Alex Bryan: PowerShares FTSE RAFI US 1000 ETF (PRF) offers a distinctive value strategy. It invests in a broad swath of large- and mid-cap U.S. stocks. However, rather than weighting them by market capitalization as most index funds do, it assigns weightings according to fundamental measures of size, including sales, cash flow, book value, and dividends (where applicable). This introduces a value tilt in two ways: First, it causes the fund to overweight stocks that are trading at low multiples with these metrics and underweight more expensive stocks relative to a market-cap-weighted benchmark.
Secondly, fundamental weighting causes the fund to increase its exposure to stocks that have become cheaper relative to their peers when it rebalances and trim back on positions that have become more expensive. These disciplined bets against the market may help the fund more effectively profit from mean reversion in valuations than market-cap-weighted value funds. However, they can also increase its exposure to stocks with deteriorating fundamentals because accounting metrics are usually slower to pick up on that than market prices.
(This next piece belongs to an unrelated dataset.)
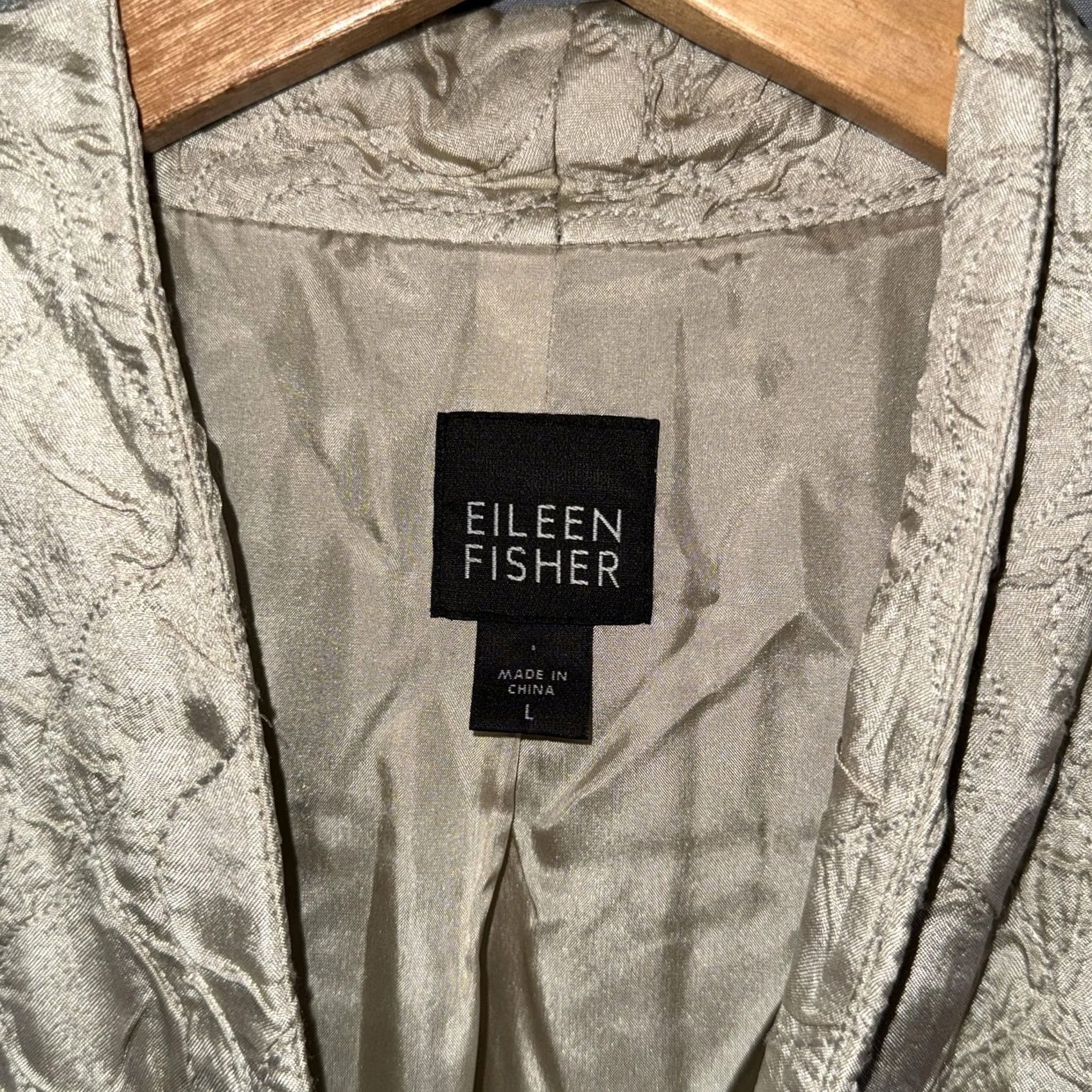 Eileen Fisher Eileen Fisher Blazer Jacket Womens Large Beige Textured Button Front Lightweight Quilted Mid-Length Blazer Mens Womens? Size L / US 10 / IT 46 - 4 Thumbnail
From its inception in December 2005 through June 2015, the fund has outperformed the Russell 1000 Value Index by 1.4% annualized. But most of this outperformance occurred during 2009, partially as an accident of timing. The fund rebalanced in March 2009, increasing its exposure to the most beaten-down stocks around the time they reached bottom. When the market started to rebound, these stocks outperformed. Had the fund rebalanced at some other time, its performance advantage probably would have been smaller. While the fund will likely have a smaller edge going forward, its disciplined rebalancing approach can still help, particularly when valuations are unusually high or low.